╭─ Exercise input

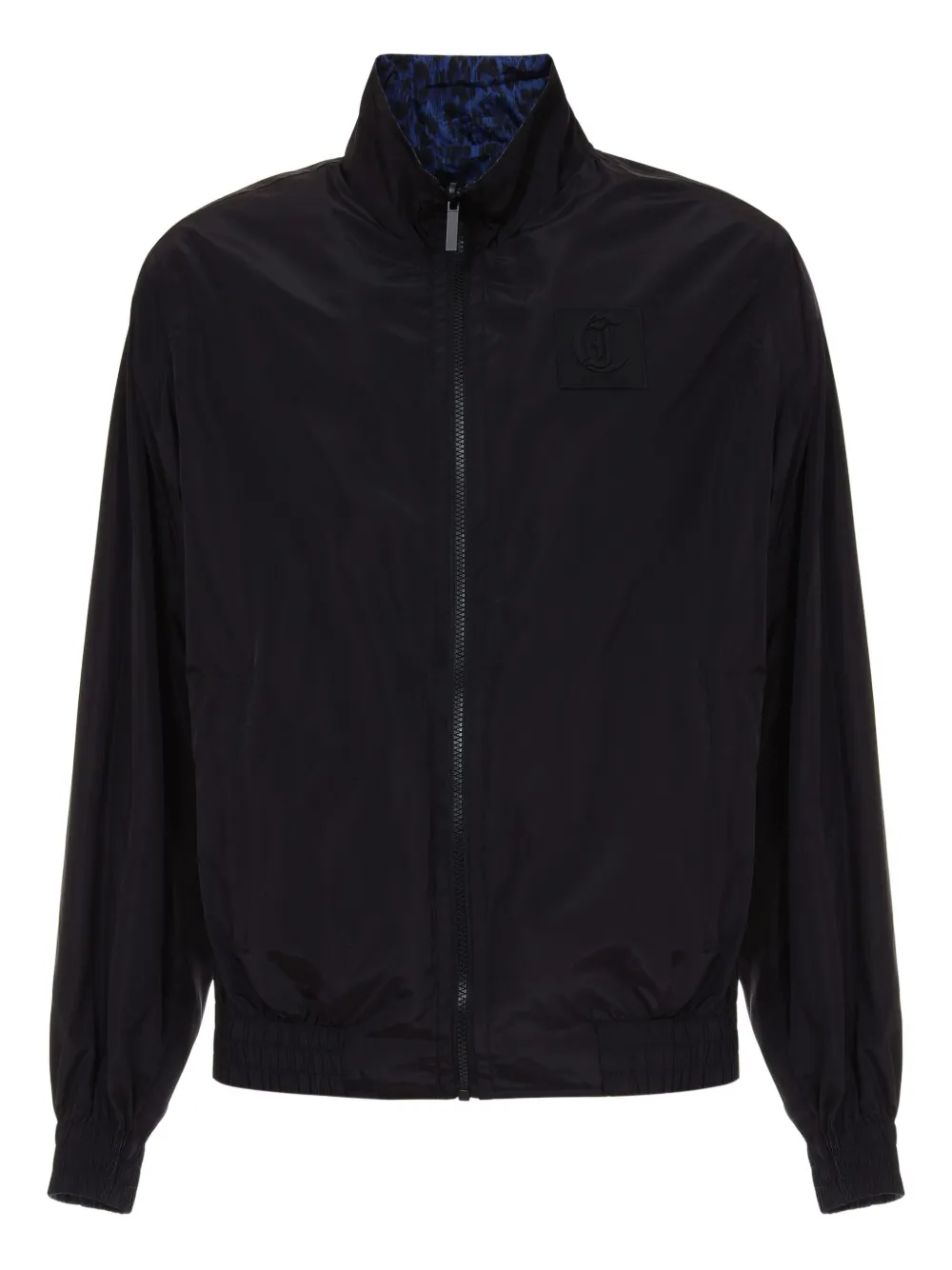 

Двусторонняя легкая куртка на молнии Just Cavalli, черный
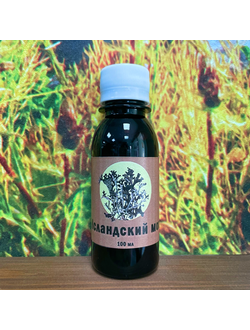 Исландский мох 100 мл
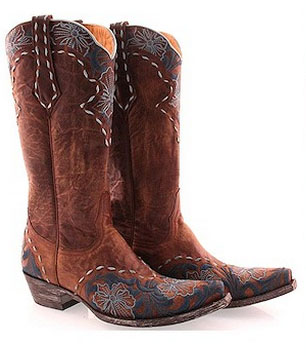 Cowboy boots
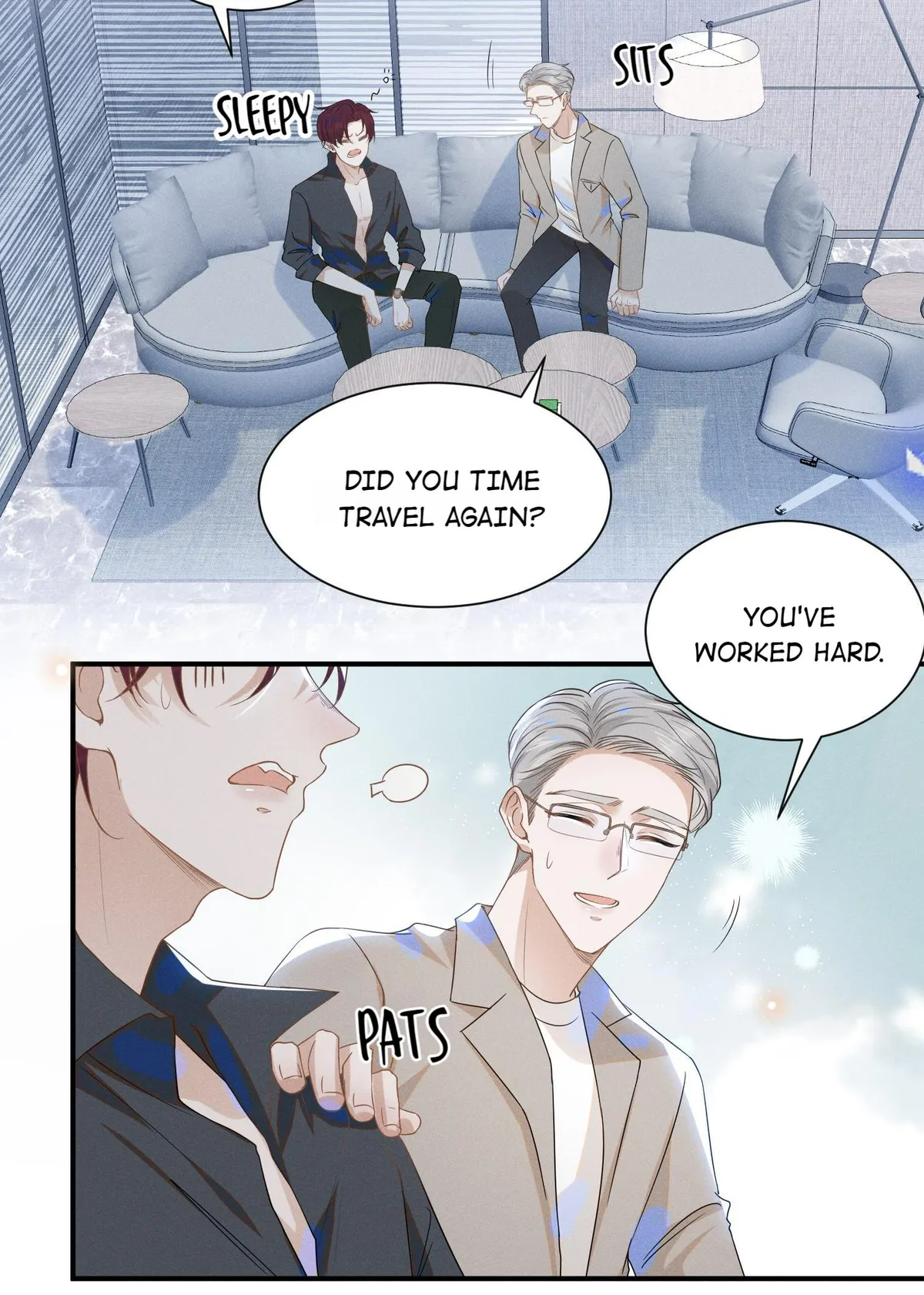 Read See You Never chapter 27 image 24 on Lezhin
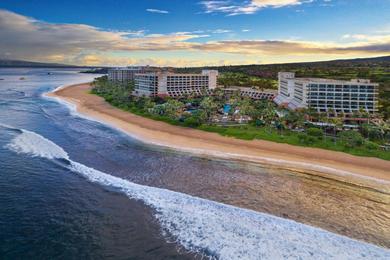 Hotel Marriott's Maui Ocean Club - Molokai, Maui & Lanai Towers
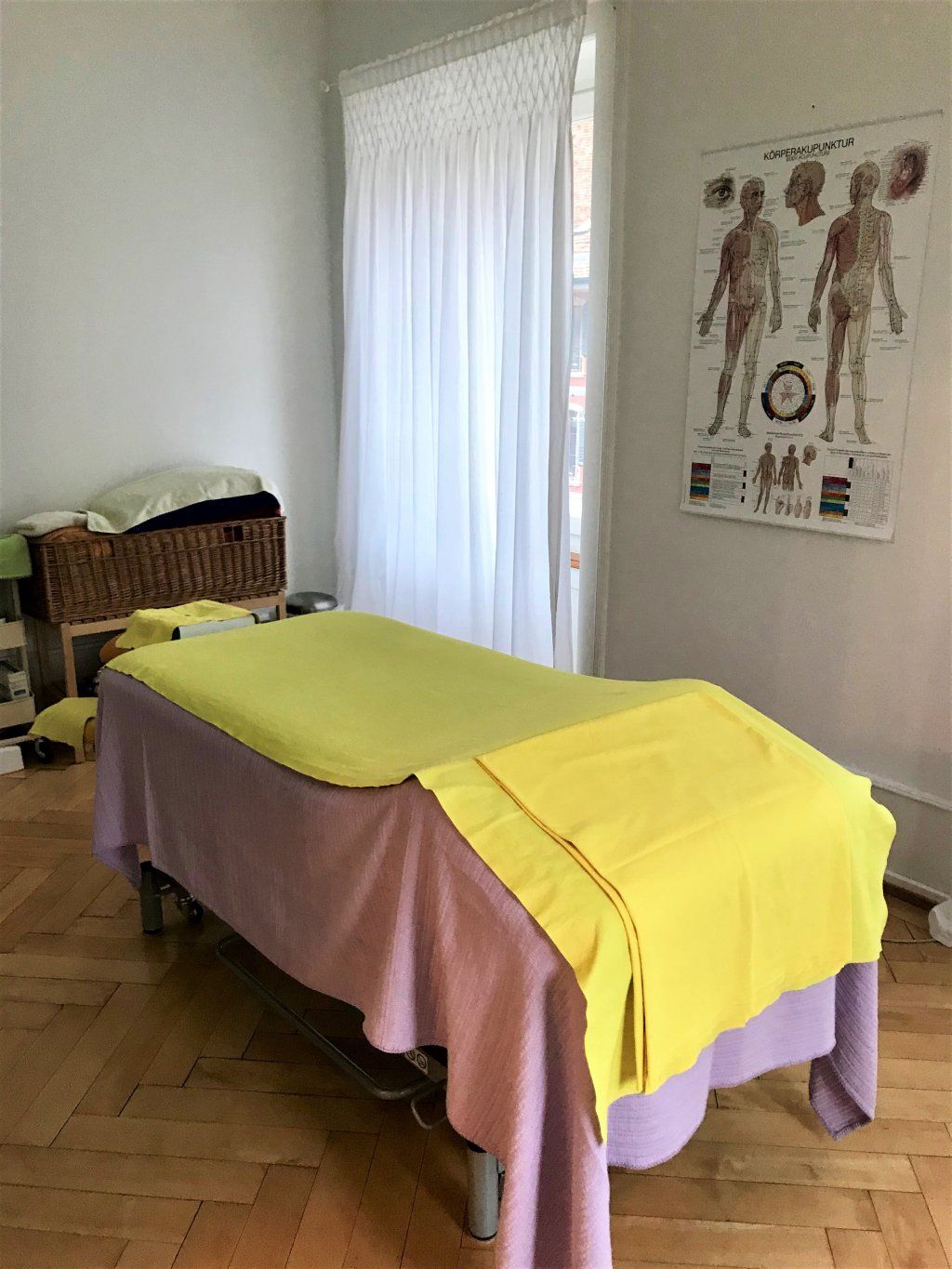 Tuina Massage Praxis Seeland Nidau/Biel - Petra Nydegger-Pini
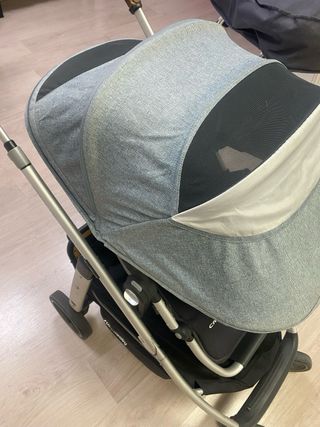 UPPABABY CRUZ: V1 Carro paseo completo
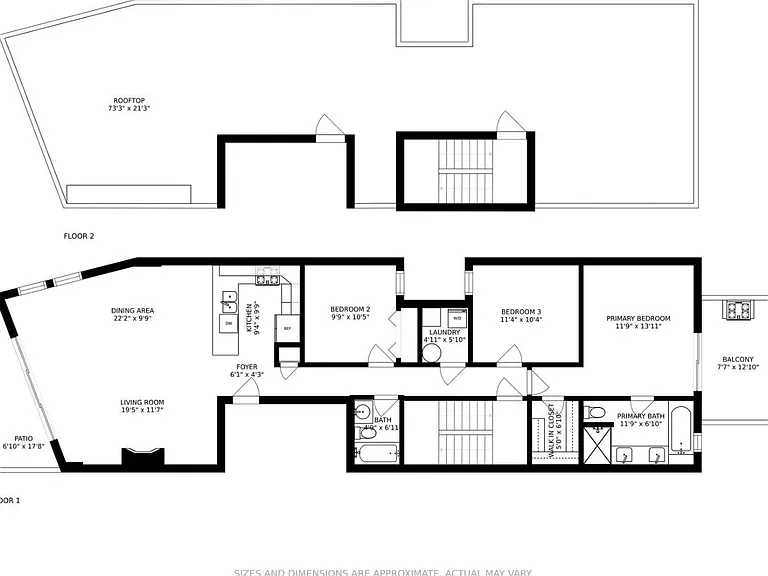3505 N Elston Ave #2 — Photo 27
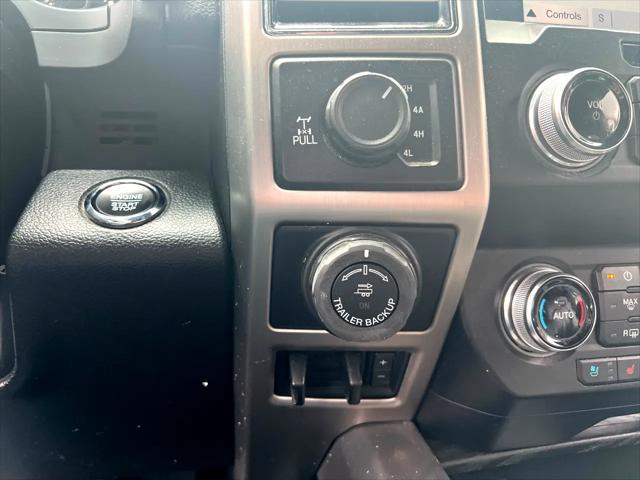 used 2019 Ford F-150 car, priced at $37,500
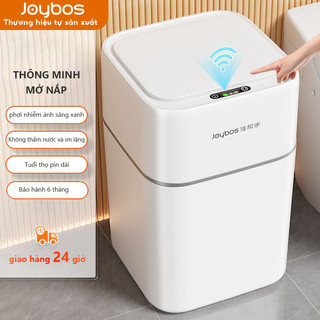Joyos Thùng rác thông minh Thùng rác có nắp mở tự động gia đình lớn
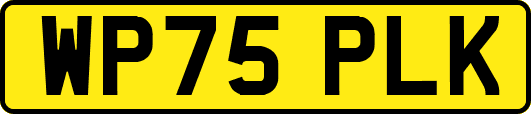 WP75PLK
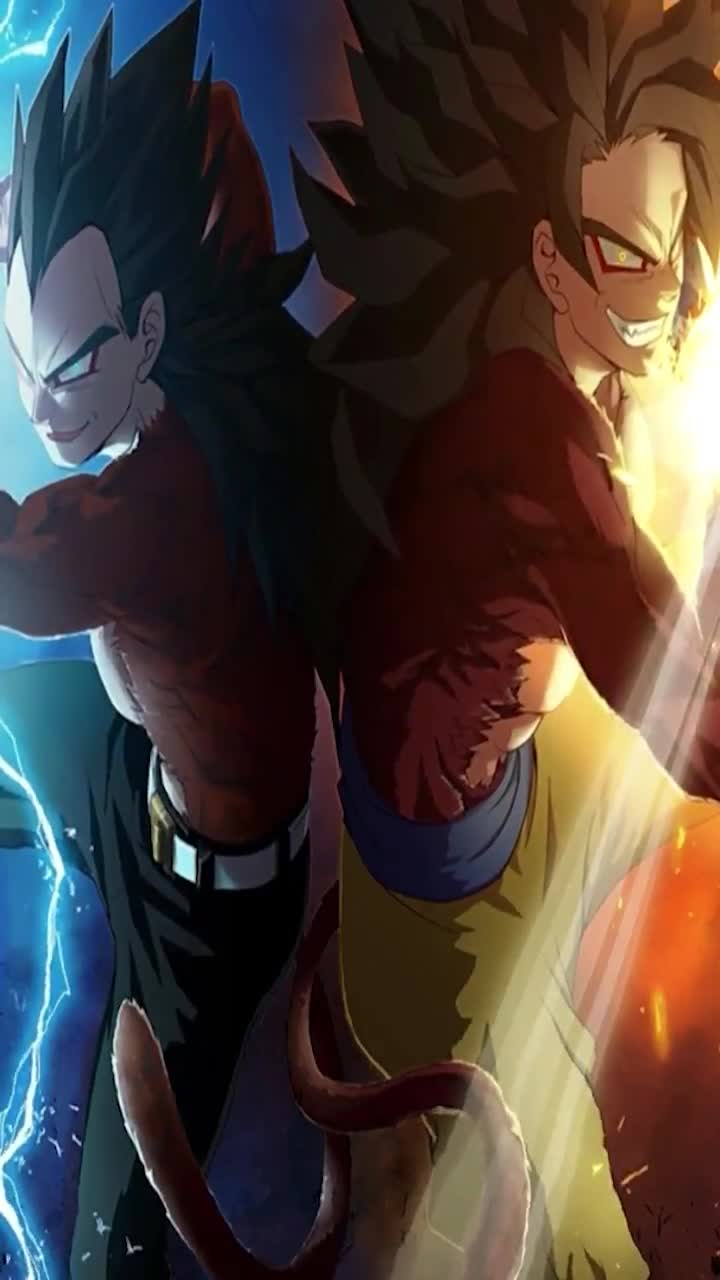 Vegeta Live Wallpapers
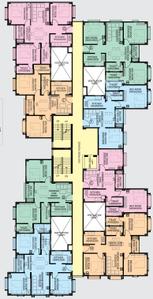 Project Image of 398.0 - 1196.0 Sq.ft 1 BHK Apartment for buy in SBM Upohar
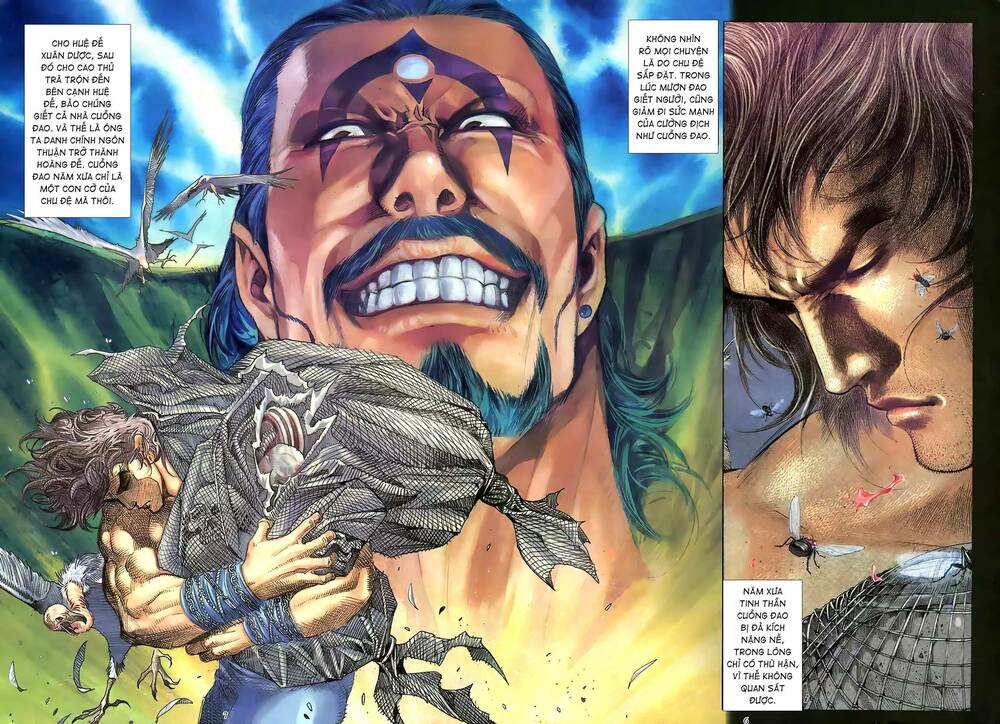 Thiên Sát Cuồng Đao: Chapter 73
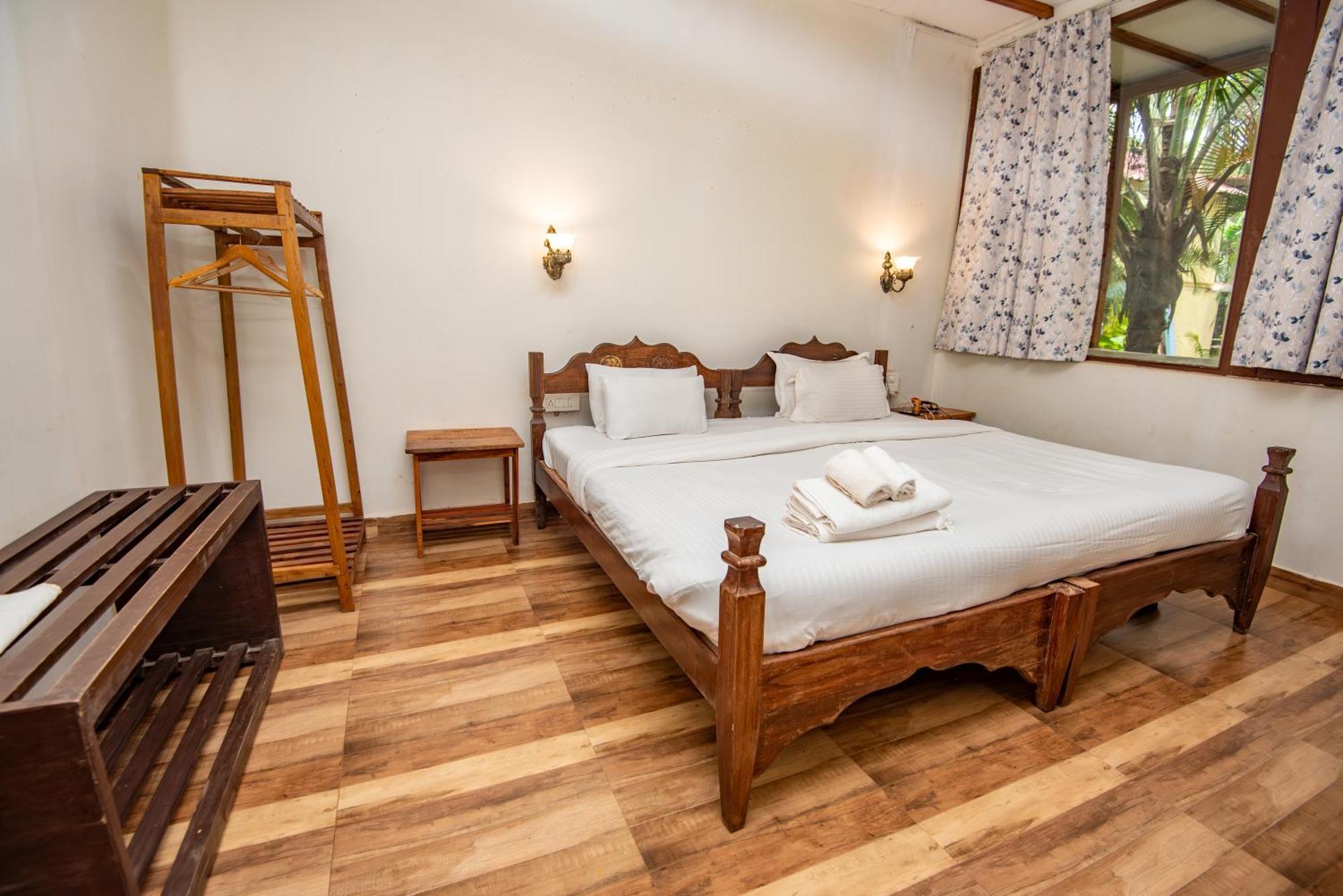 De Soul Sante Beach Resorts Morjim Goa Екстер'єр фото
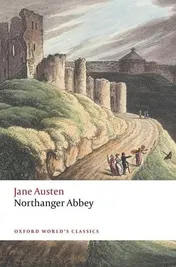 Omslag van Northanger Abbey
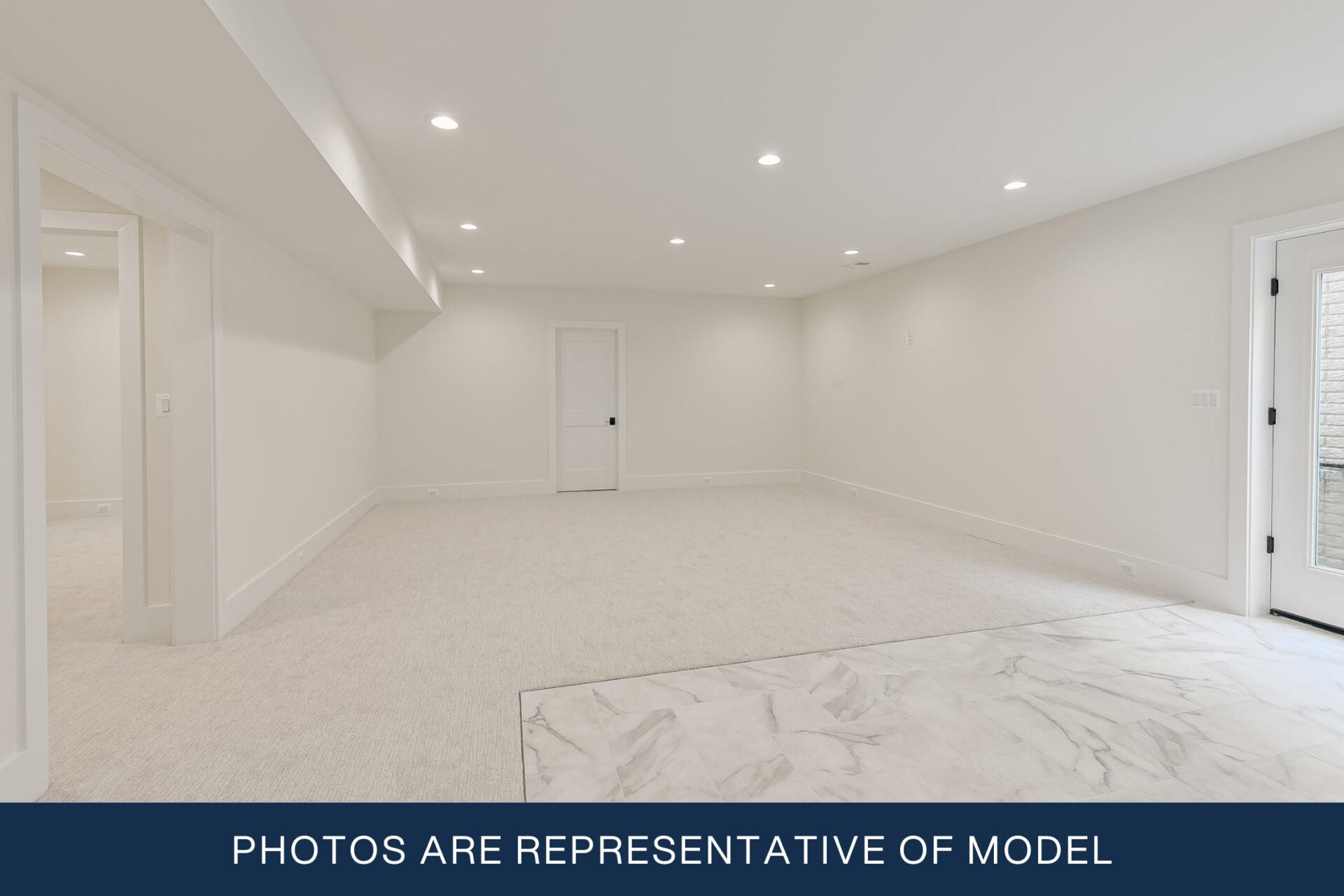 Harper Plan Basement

╰─

* [Instructions for the task]
What is needed is a word-for-word copy of the records above, excluding pictures.

* [Result of the task]
Двусторонняя легкая куртка на молнии Just Cavalli, черный
 Исландский мох 100 мл
 Cowboy boots
 Read See You Never chapter 27 image 24 on Lezhin
 Hotel Marriott's Maui Ocean Club - Molokai, Maui & Lanai Towers
 Tuina Massage Praxis Seeland Nidau/Biel - Petra Nydegger-Pini
 UPPABABY CRUZ: V1 Carro paseo completo
3505 N Elston Ave #2 — Photo 27
 used 2019 Ford F-150 car, priced at $37,500
Joyos Thùng rác thông minh Thùng rác có nắp mở tự động gia đình lớn
 WP75PLK
 Vegeta Live Wallpapers
 Project Image of 398.0 - 1196.0 Sq.ft 1 BHK Apartment for buy in SBM Upohar
 Thiên Sát Cuồng Đao: Chapter 73
 De Soul Sante Beach Resorts Morjim Goa Екстер'єр фото
 Omslag van Northanger Abbey
 Harper Plan Basement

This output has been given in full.